"Mengalirkan Harapan di Pante Bidari: Karya Bakti TNI Bangun Irigasi, Hidupkan Kembali Nafas Pertanian Desa"

0
                             

SamudraNews.com | Aceh Timur - Di tengah hamparan sawah Kecamatan Pante Bidari, deru cangkul dan denting alat kerja hari ini menyatu dengan harapan para petani. Melalui program Karya Bakti TNI yang digelar Kodim 0104/Aceh Timur, pembangunan jaringan irigasi tersier yang menjadi denyut kehidupan ribuan petani terus menunjukkan progres positif, meski berada pada tahap awal dan menghadapi beragam tantangan lapangan.

Di bawah koordinasi Balai Wilayah Sungai (BWS) Sumatera I, proyek peningkatan irigasi ini menargetkan pembangunan saluran sepanjang 4.836 meter, yang kelak akan mengairi 255 hektare lahan pertanian. Hingga Selasa (18/11/2025), sudah 2.611 meter atau 54,33 persen saluran berhasil diselesaikan—tanda kuat bahwa aliran air bagi petani Pante Bidari semakin dekat.

Kerja di Enam Desa: Setiap Meter yang Dibangun adalah Harapan

Pembangunan dilakukan serentak di enam desa, masing-masing menunjukkan kemajuan yang menggembirakan Desa Matang Kruet (Titik 1) – Target 500 m; progres 355 m (71%), Desa Paya Demam Lhee (Titik 2) – Target 500 m; progres 329 m (65%), Desa Buket Karueng (Titik 3) – Target 600 m; progres 279 m (46%), Desa Seuneubok Tuha (Titik 5) – Target 616 m; progres 290 m (47%), Desa Alue Ie Mirah (Titik 6) – Target 330 m; progres 231 m (70%), Desa Pante Rambong (Titik 7) – Target 650 m; progres 302 m (46%)

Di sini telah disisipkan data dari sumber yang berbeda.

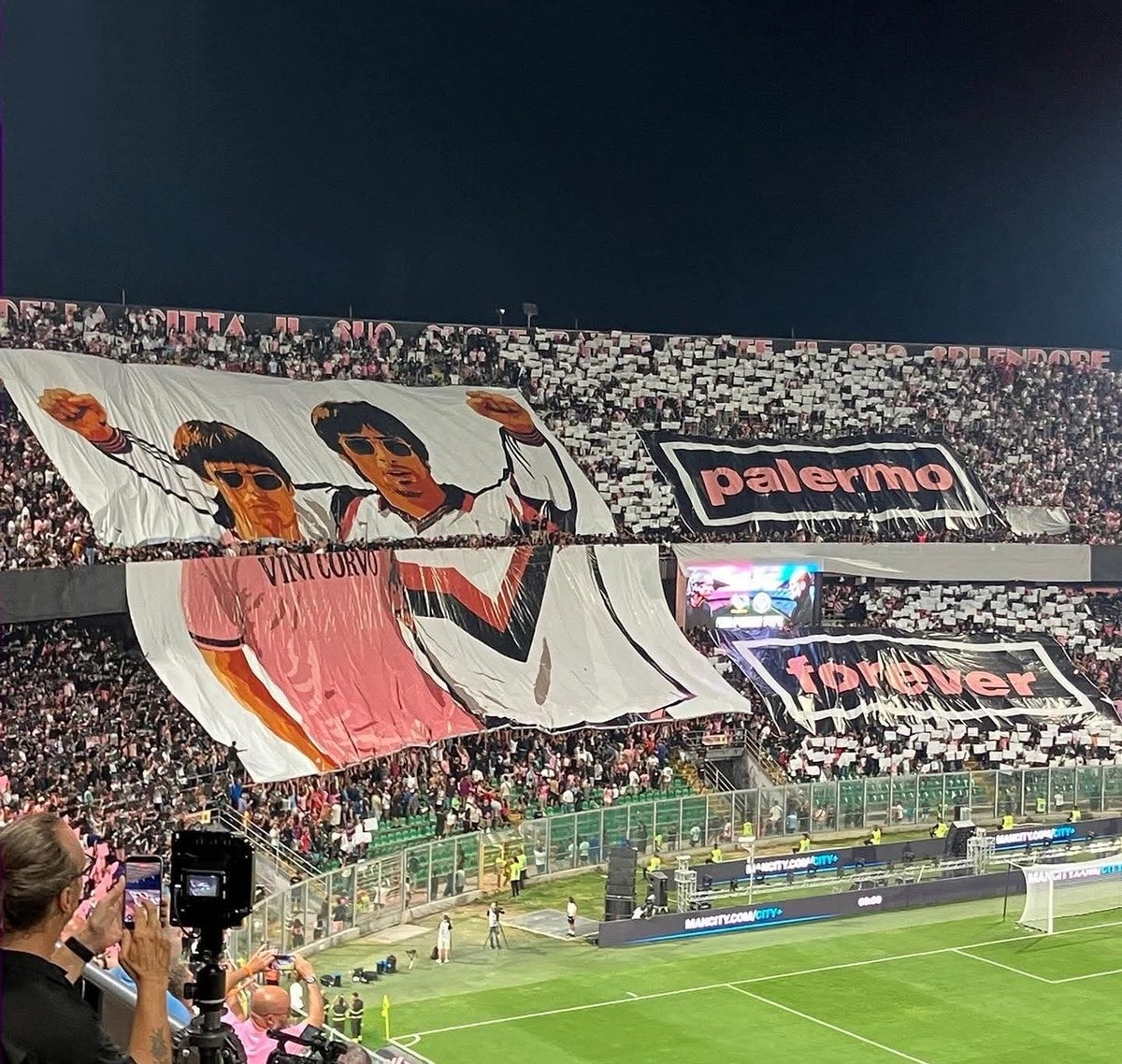 palermo 🩷
 forever   🖤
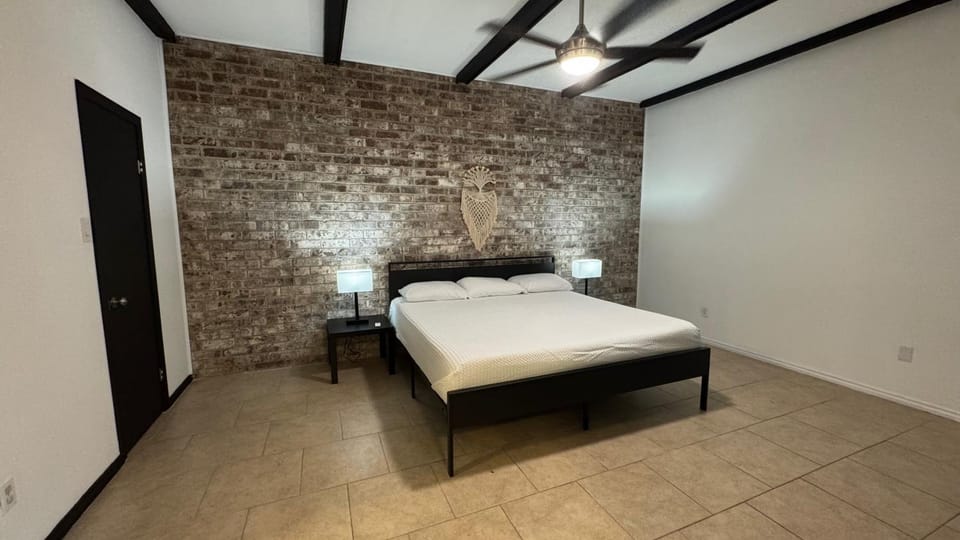 Home While Away, Near Hospitals, Dining and Shopping Villa in McAllen
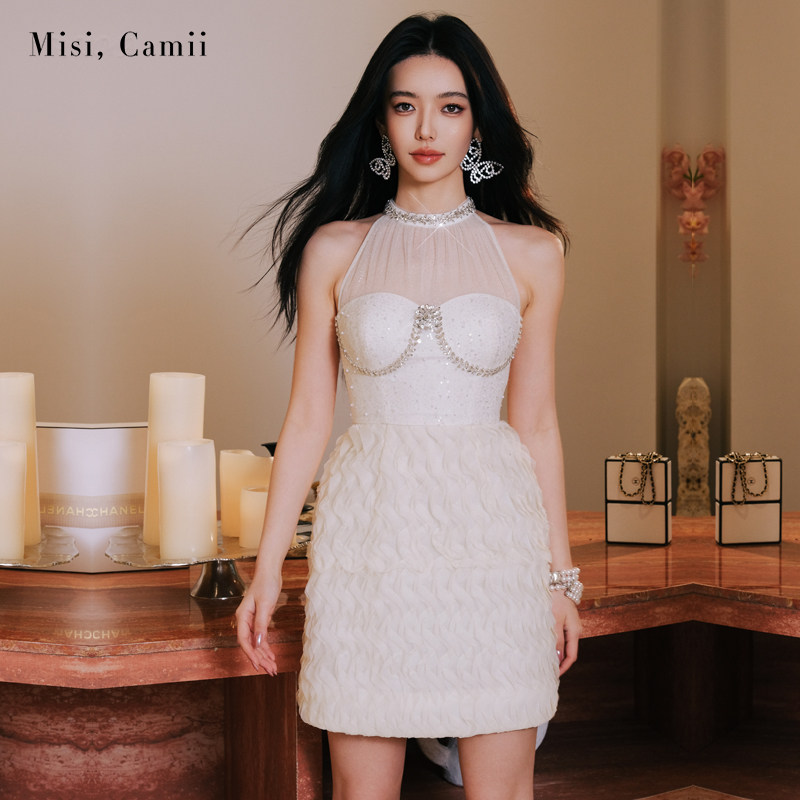 Misi.Camii2024秋冬新款女装钻饰削肩立体蓬蓬礼服时尚轻奢连衣裙
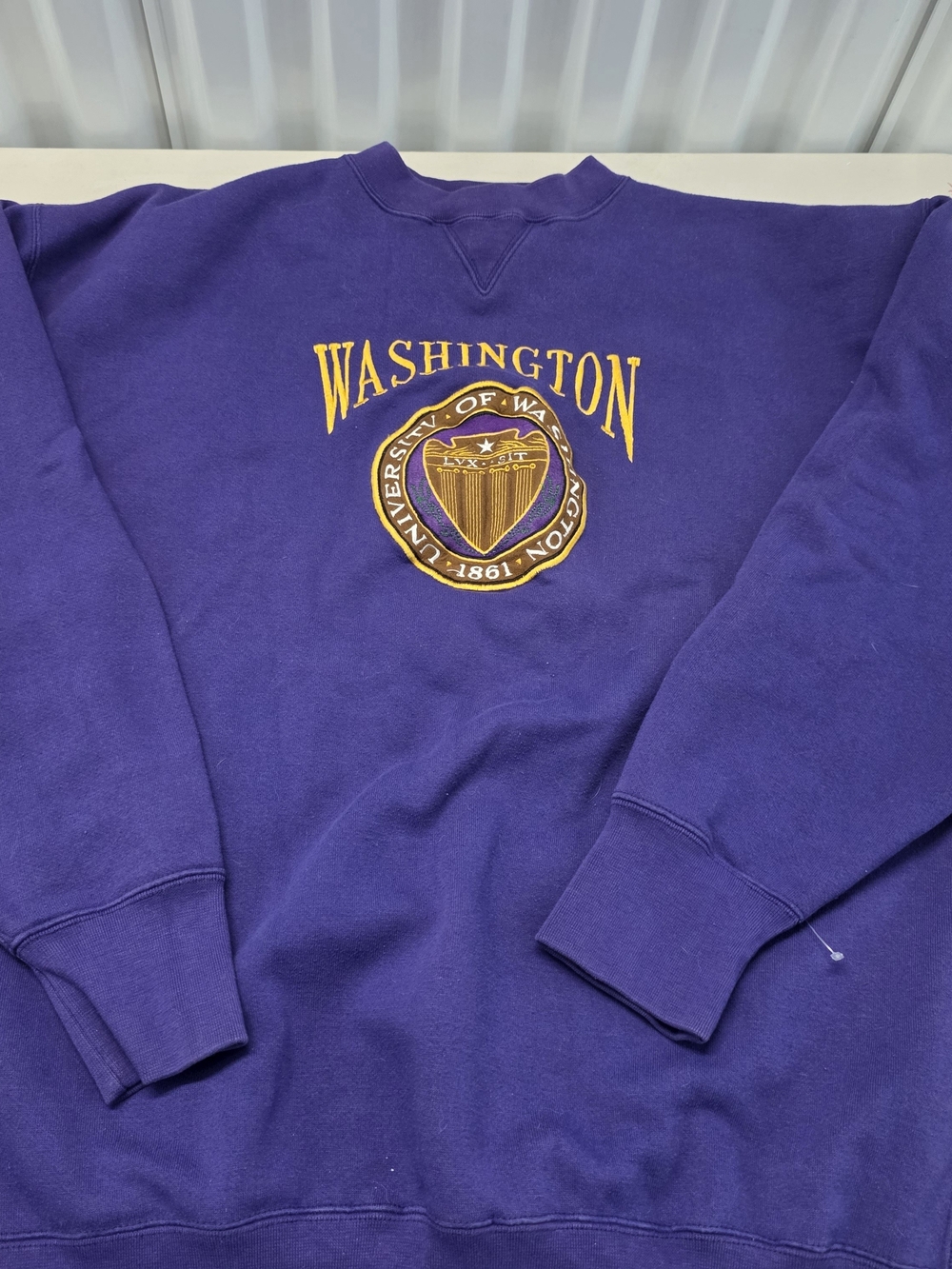 University Of Washington Midwest Embroidery Stiched Letters Sweatshirt Men's Siz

Secara total, layanan area yang telah tersentuh konstruksi mencapai 138,55 hektare (54,33%), sementara pengolahan lahan dan areal tanam bertahan pada 165 hektare (64,7%).

Di balik setiap meter saluran yang terbentuk, terdapat 40 tenaga yang bekerja bahu-membahu: 16 personel TNI dari Kodim 0104/Atim dan Yonif TP 853/Brb, serta 24 warga dari enam desa yang menjadi lokasi pembangunan. Kolaborasi ini bukan sekadar kerja fisik, tapi cerminan kekuatan sosial masyarakat desa—semangat gotong royong yang terus hidup.


Namun perjalanan pembangunan tidak selalu mulus. Cuaca menjadi tantangan terbesar: pagi cerah, siang mendung, dan hujan deras pada sore hari yang kerap menghentikan pengerjaan. Di samping itu, tradisi lokal yang membebaskan masyarakat dari aktivitas fisik pada hari Jumat dan hari besar keagamaan turut memengaruhi ritme pekerjaan.


Upaya Percepatan: Bekerja Mengejar Cuaca

Kapten Inf Jaya Sakti, Danramil 15/Peureulak Barat yang bertindak sebagai Koordinator Lapangan, menegaskan komitmen tim untuk terus mempercepat pekerjaan.


“Kami memaksimalkan seluruh kegiatan di luar hari libur dan berupaya mengoptimalkan pekerjaan saat cuaca mendukung. Meski ada kendala, semangat personel dan masyarakat tetap tinggi untuk menyelesaikan pembangunan irigasi ini,” ungkapnya.


Di setiap jeda hujan, para personel kembali menata batu, merapikan tanah, dan memperkuat dinding saluran. Di setiap pagi cerah, mereka bekerja lebih cepat—seakan mengejar waktu sebelum langit kembali mendung.


Aliran Baru untuk Masa Depan Petani

Lebih dari sekadar proyek fisik, irigasi ini adalah aliran harapan. Ketika seluruh jaringan selesai, air akan mengalir lebih merata ke sawah-sawah petani Pante Bidari. Produktivitas lahan diprediksi meningkat, dan musim tanam akan lebih terjamin.


Program ini menjadi bukti nyata hadirnya TNI dalam mendukung pembangunan pertanian dan memperkuat ketahanan pangan nasional bukan hanya melalui kekuatan, tetapi melalui kerja bersama masyarakat.


Dengan lebih dari 50 persen target yang telah tercapai, harapan itu kini bukan lagi angan. Ia sudah mulai mengalir, setetes demi setetes, bersama saluran irigasi yang terus dibangun.